Restate word for word the section of the entries that opens at the line containing "Women's Fashionable Crew" and closes at the line containing "和泓海棠府二期 3室1厅2卫 103平方", both lines kept, pictures dropped.

→ **Information shown**
..........

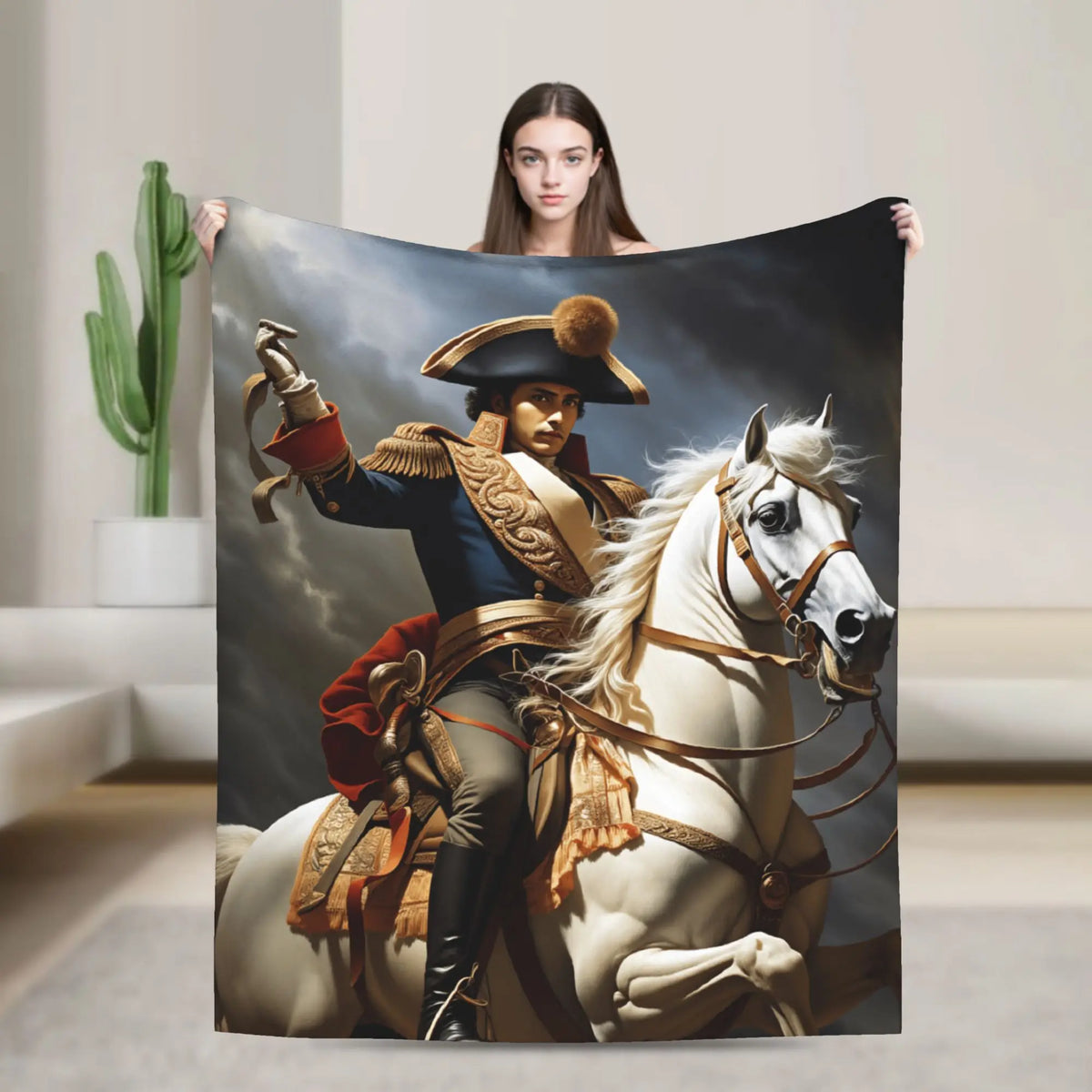 Plaid Polaire Napoléon – Couverture Portrait Historique 100% Polyester
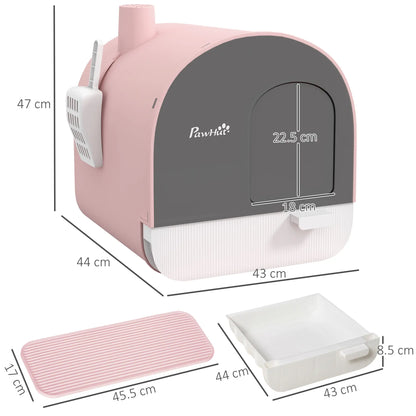 PawHut Hooded Cat Litter Box, Kitten Litter Tray with Lid, Scoop, Filter, Flap Door, Pink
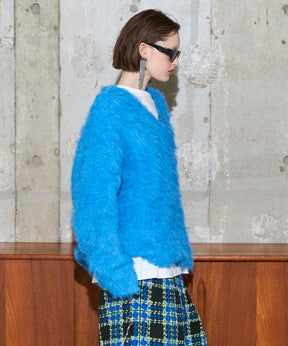 [25winter preoder] Long Shaggy V-Neck 니트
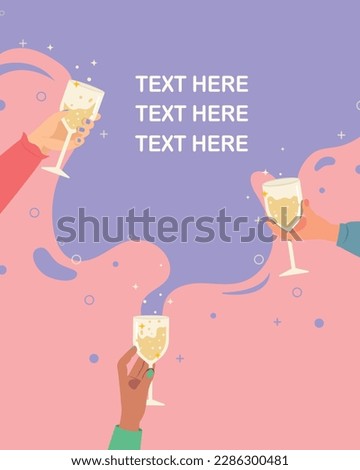 Hands hold champagne and cocktail glass clink, Cocktail party banner. 
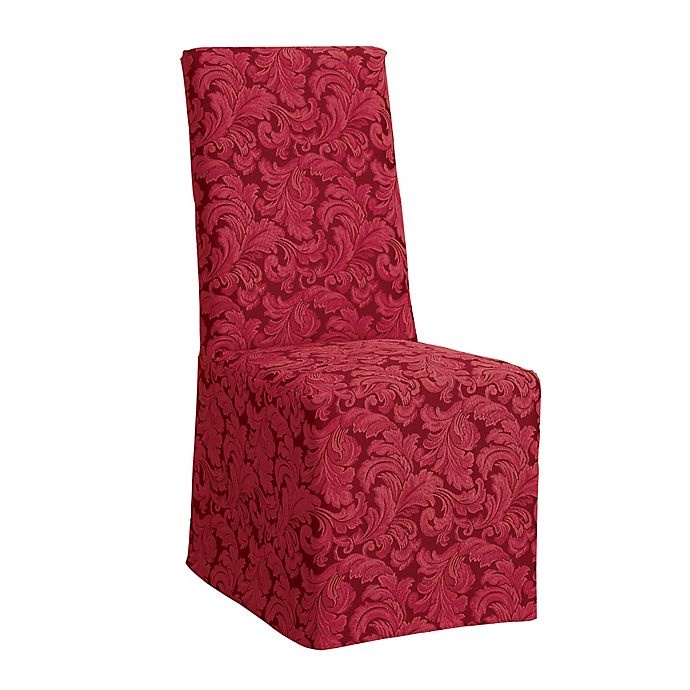 slide 1 of 1, SureFit Home Decor Scroll Dining Chair Cover - Burgundy, 1 ct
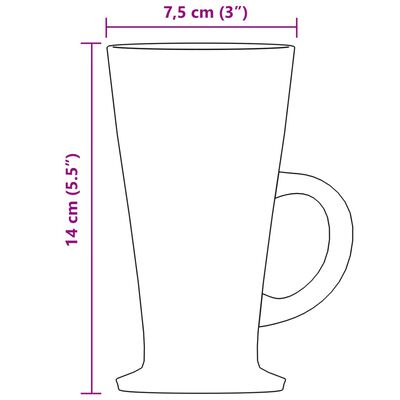 vidaXL latte glāzes ar rokturi, 6 gab., 250 ml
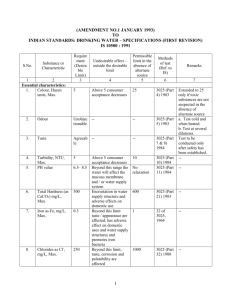 Water Standards - Andhra Pradesh Pollution Control Board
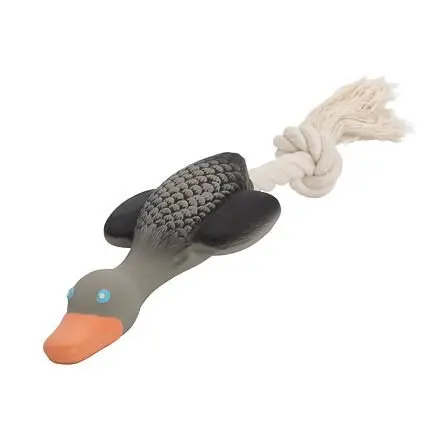 Divoká husa MINI s bavlněným lanem, se zvukem, 22cm, šedá,růžová, HipHop Sleva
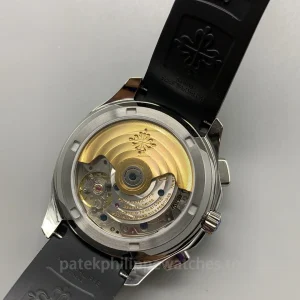 Patek-Philippe-Aquanaut-5968A-001-Replica-42.2mm-Mens-Automatic-Flyback-Chronograph-Watch-with-Black-Gray-Dial-Orange-Accents-Back-View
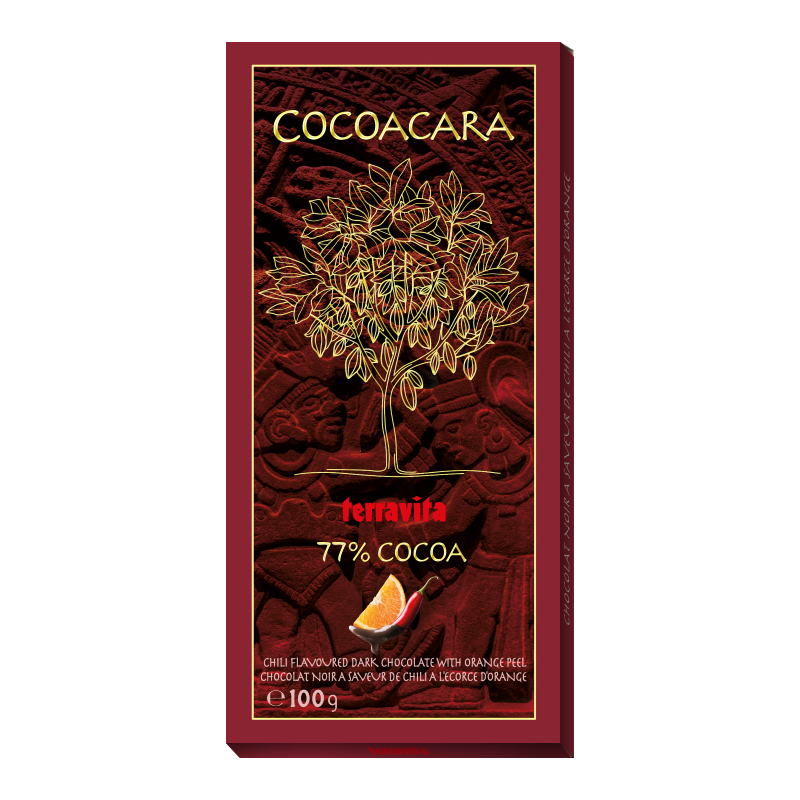 Terravita Czekolada 77% kakao ze skórką pomarańczy i chilli100g/ Bitter chocolate w/orrange peel and chilli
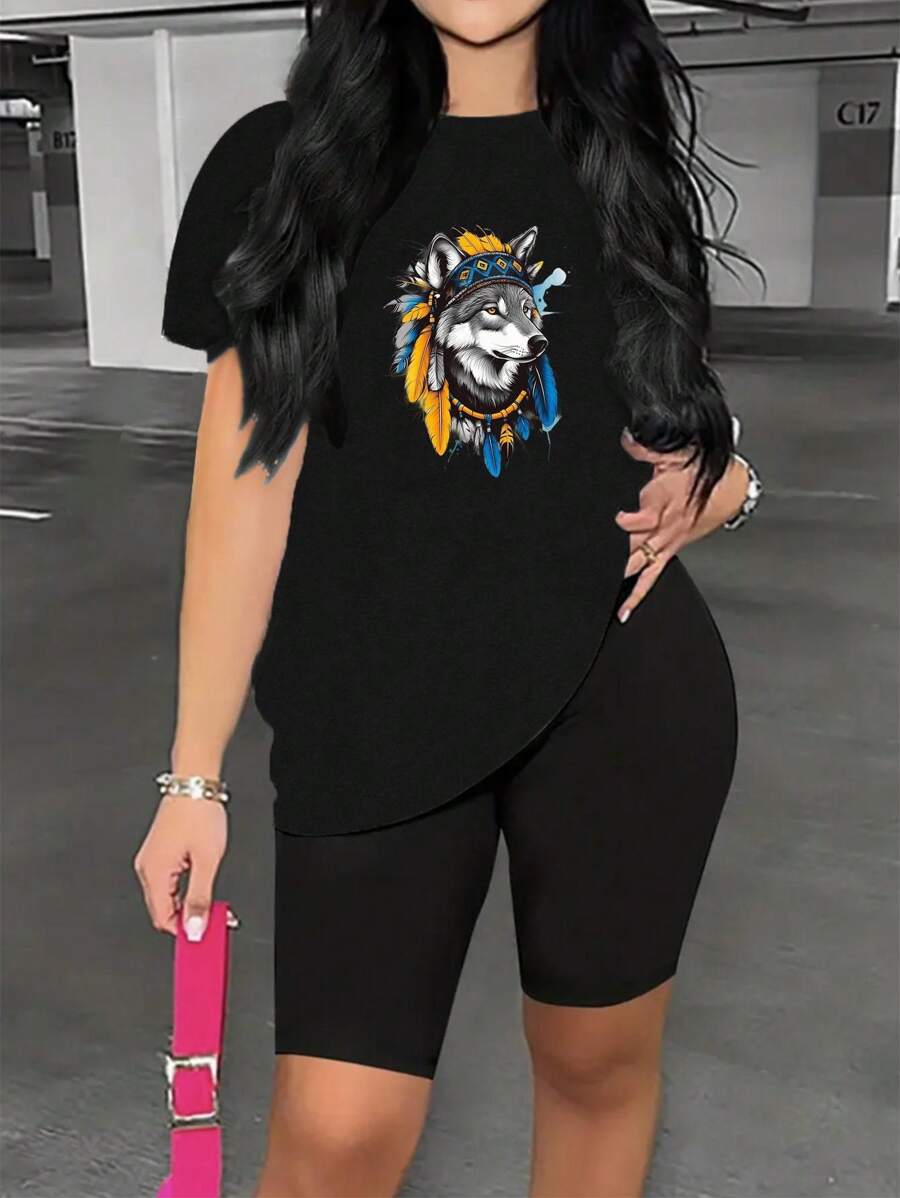 Women's Fashionable Crew Neck Graphic Print Short Sleeve Shorts Set - Round Neck Casual Short Sleeve Shirt Shorts Set With Polyester Fabric - Lightweight & Breathable Vest For All Seasons, 1 Set,290g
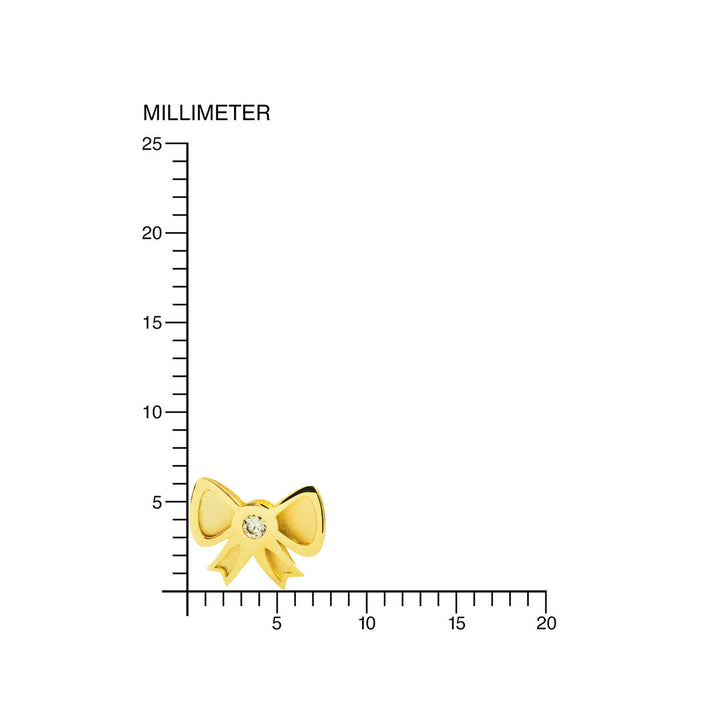 Pendientes Niña oro amarillo lazo calado mate y circón (9kts)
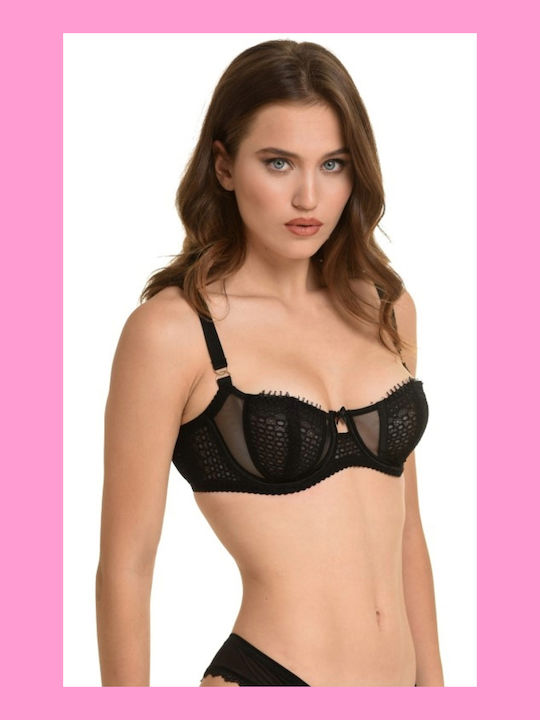 Miss Rosy Balconette Balconette Bra without Padding Underwire Black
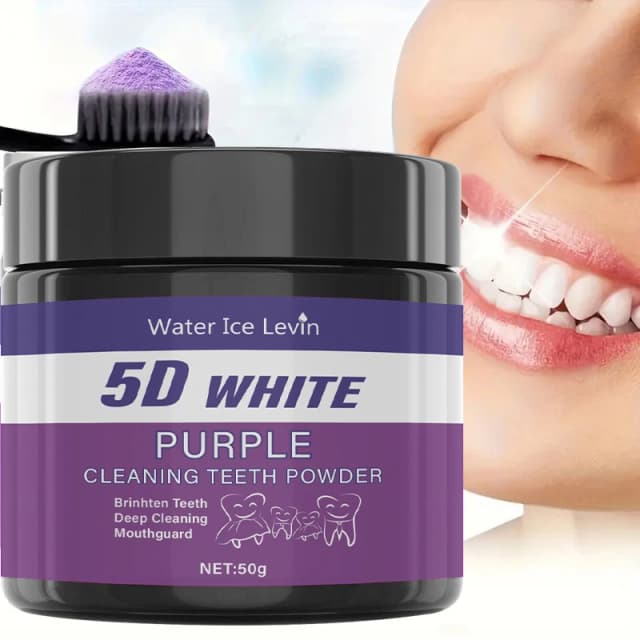 Water Ice Levin Purple Brightening Toothpowder: For a Deep 5D White Clean and Revitalizing Freshness.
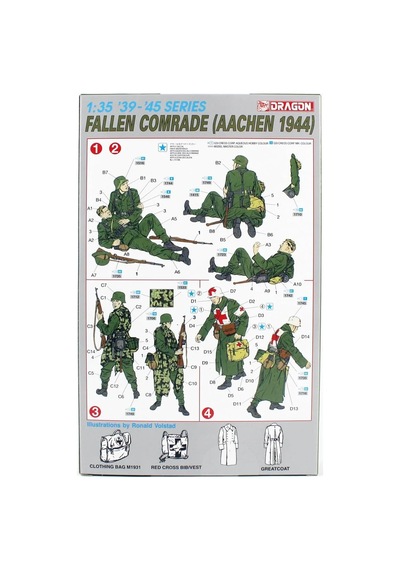 Dragon 6119, 1/35 Yere Düşmüş Yoldaş Ve Asker Figürleri Aachen1944 Maketi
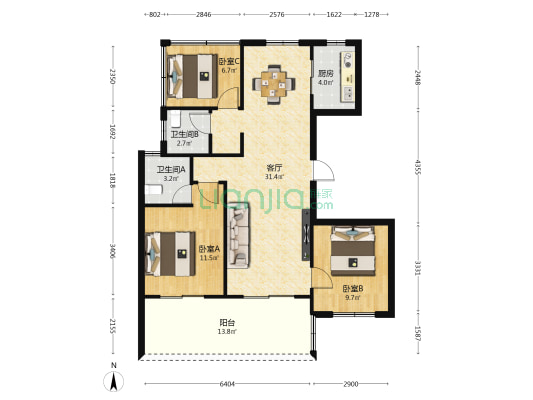 和泓海棠府二期 3室1厅2卫 103平方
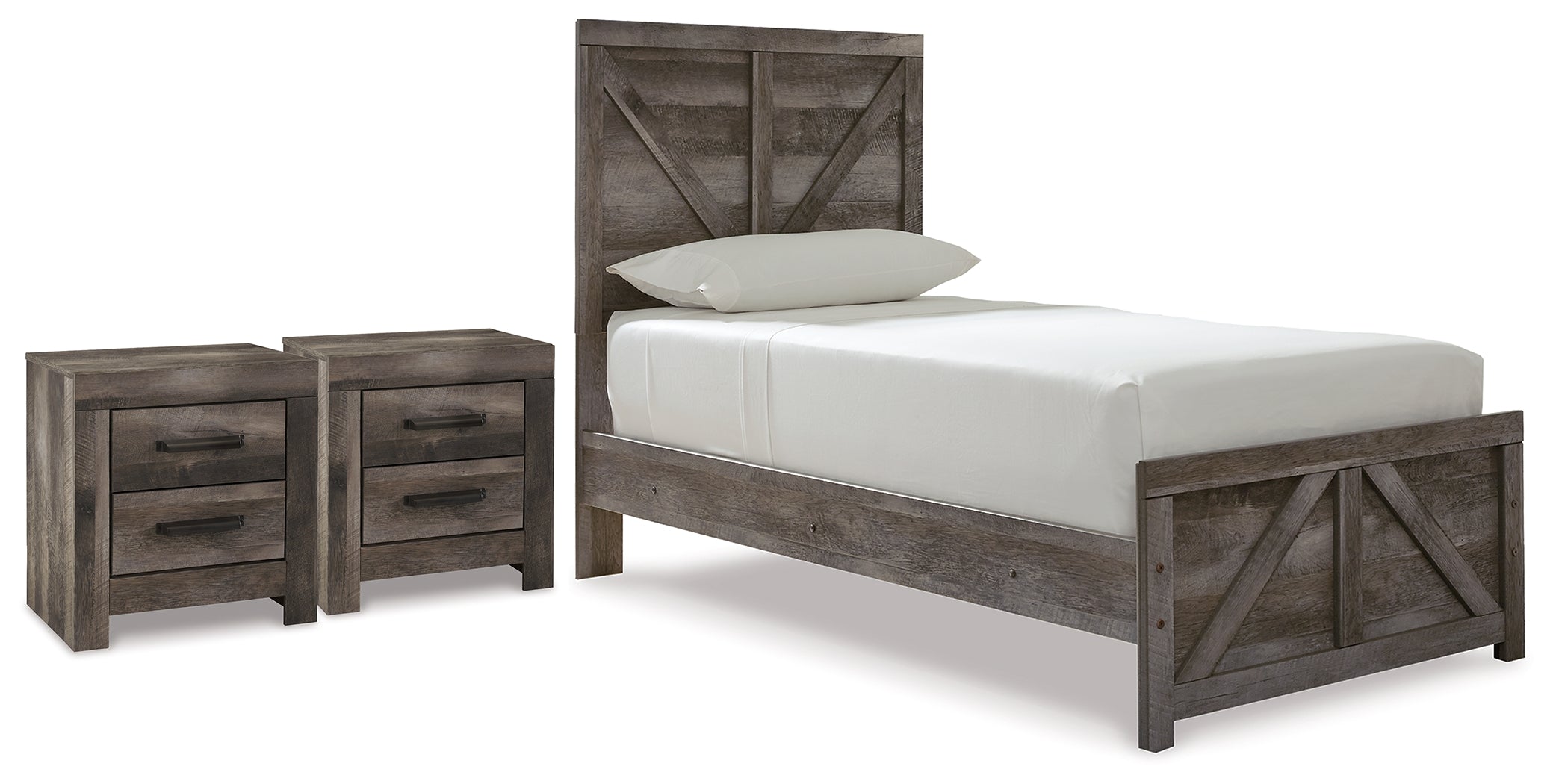 Hoover Furniture Outlet - Ashley Furniture - Wynnlow Twin Crossbuck Panel Bed and 2 Nightstands - Twin Crossbuck Panel Bed and 2 Nightstands - B440B46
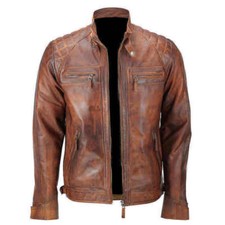 Mens Biker Quilted Vintage
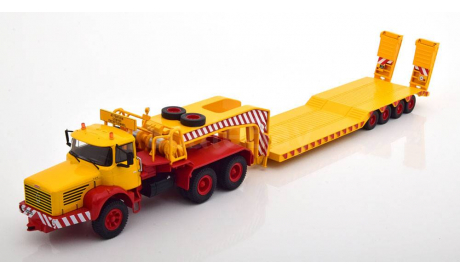 BERLIET TB 015 M3 6x4 с прицепом-тяжеловозом (1960), Yellow/Red, масштабная модель, IXO, 1:43, 1/43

..........

→ **Response to the task**
 Women's Fashionable Crew Neck Graphic Print Short Sleeve Shorts Set - Round Neck Casual Short Sleeve Shirt Shorts Set With Polyester Fabric - Lightweight & Breathable Vest For All Seasons, 1 Set,290g
 Pendientes Niña oro amarillo lazo calado mate y circón (9kts)
 Miss Rosy Balconette Balconette Bra without Padding Underwire Black
 Water Ice Levin Purple Brightening Toothpowder: For a Deep 5D White Clean and Revitalizing Freshness.
 Dragon 6119, 1/35 Yere Düşmüş Yoldaş Ve Asker Figürleri Aachen1944 Maketi
 和泓海棠府二期 3室1厅2卫 103平方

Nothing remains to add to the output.